ON SET: A behind-the-scenes look at Netflix’s second African series, 'Blood & Water'


There’s a chill in the air during Cape Town’s rainy winter, but the show must go on, as they say.

Actors move between their silver trailers to grab a cup of coffee or get their makeup touched up during breaks, while prop artists balance ladders against walls to fix lighting and sets.

While we all wait in eager anticipation for the show to hit our screens this month, YOU had a set visit during the filming of the series in July last year.

Following Queen Sono, Netflix’s second original African series, Blood & Water will be released across 190 countries in just a few weeks.

The series is centred on Puleng Khumalo (Ama Qamata), an intelligent but impulsive 16-year-old with a secret to hide. The teenager engineers her transfer to Parkhurst College in a desperate bid to investigate the 17-year-old cold case of her older sister’s abduction at birth. Fikile’s disappearance has cast a shadow over Puleng’s life, and she's determined to solve the case.

The show’s production designer, Christian Joubert, says he wanted to emphasise the contrast between the elite and the middle class.

"The world of Parkhurst is opulent. We wanted to create a world or a school in which the elite or the cream of the crop or the richest of the rich in the country go to school. We wanted to create an ivy league feel for the school," he tells YOU.

"We wanted to show the contrast between that world and our lead character’s world. She comes from more of a middle-class home, the life that more people are used to, and we want to create a wow factor of what it’s like for her to step into that world."

Working with a relatively young cast, Christian says a lot of research went into looking at the things the younger generation is interested in as a way of grabbing that audience and making the show more relatable to them.

"We had to do a lot of research into Generation Z, see what influences them, see how they think, see the standard that they compare or judge themselves by today, including looking at their whole social media life. So we’ll be going into that a lot with transitions and pop-ups on screen and it’s a big part of the design of the series."

Behind-the-scenes look at Netflix’s second African

But creating the setting of a show like this goes beyond just the production. It also involves a lot of makeup and wardrobe. Wardrobe director Marné van der Burgh and head of makeup and hair Evelyn Gambe pulled out all the stops to convey the essence of each character.

"I love incorporating ideas from the actors and their opinion on who and what they think their characters are [when dressing them]," Marné says.

Even when it comes to a series like this that’s set mainly in a school with school uniforms, each character has their own style quirks.

"The school uniforms were made from scratch so we had someone custom-making the skirts, the ties. The material had to be picked out and the director has a final say from all the samples," she adds.

The use of maroons and blues across the colour palette in the series plays a significant role in the series, tying in with its name.

Attention to detail is key, such as the crest embroidered on each school blazer worn on the show, which Christian was instrumental in designing.

"We have about 50 blazers on the floor so 50 crests had to be embroidered and we have more than 200 extras on set today, so you can imagine what went into that," Marné adds.

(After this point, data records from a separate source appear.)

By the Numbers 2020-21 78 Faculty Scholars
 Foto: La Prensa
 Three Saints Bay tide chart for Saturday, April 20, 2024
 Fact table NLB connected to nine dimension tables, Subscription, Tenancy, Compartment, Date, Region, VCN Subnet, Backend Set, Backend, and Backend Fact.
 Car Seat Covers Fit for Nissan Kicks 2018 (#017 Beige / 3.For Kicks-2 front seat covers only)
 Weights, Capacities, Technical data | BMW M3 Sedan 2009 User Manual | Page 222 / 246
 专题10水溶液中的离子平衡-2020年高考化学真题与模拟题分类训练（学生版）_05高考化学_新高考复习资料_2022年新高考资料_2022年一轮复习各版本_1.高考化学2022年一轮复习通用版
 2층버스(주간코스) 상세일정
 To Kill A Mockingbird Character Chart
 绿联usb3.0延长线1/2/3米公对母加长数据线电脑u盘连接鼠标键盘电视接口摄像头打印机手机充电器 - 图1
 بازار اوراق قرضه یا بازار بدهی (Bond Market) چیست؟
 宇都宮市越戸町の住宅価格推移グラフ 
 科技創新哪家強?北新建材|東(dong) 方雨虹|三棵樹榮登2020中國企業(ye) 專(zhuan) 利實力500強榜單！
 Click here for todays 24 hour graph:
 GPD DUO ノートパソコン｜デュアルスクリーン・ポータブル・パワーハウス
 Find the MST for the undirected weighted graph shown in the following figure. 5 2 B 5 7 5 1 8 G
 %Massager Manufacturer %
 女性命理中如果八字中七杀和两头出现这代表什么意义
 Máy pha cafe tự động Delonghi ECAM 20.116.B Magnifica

Behind-the-scenes look at Netflix’s second African

It’s no different when it comes to hair and makeup, which also helps convey the emotions and personalities of the characters, Evelyn says.

"I wanted to find a way to differentiate the teenagers in the school," she explains. "If you understand the world of wigs for example, you’ll know that that means money, so for some characters I use that to bring it across. There’s a difference between two families and I wanted to differentiate that by the way they’re groomed."

It’s been no easy feat getting the five-week production done, from time constraints to finances and schedule clashes, but the team believe this will be the show to watch.

"My hope is that it truly will be a believable world we’ve created. It’s very much fictional for South Africa," Christian says. "I hope people will be caught up in this world and are able to see and feel the opulence we tried to create."

Blood & Water premieres Wednesday, 20 May on Netflix.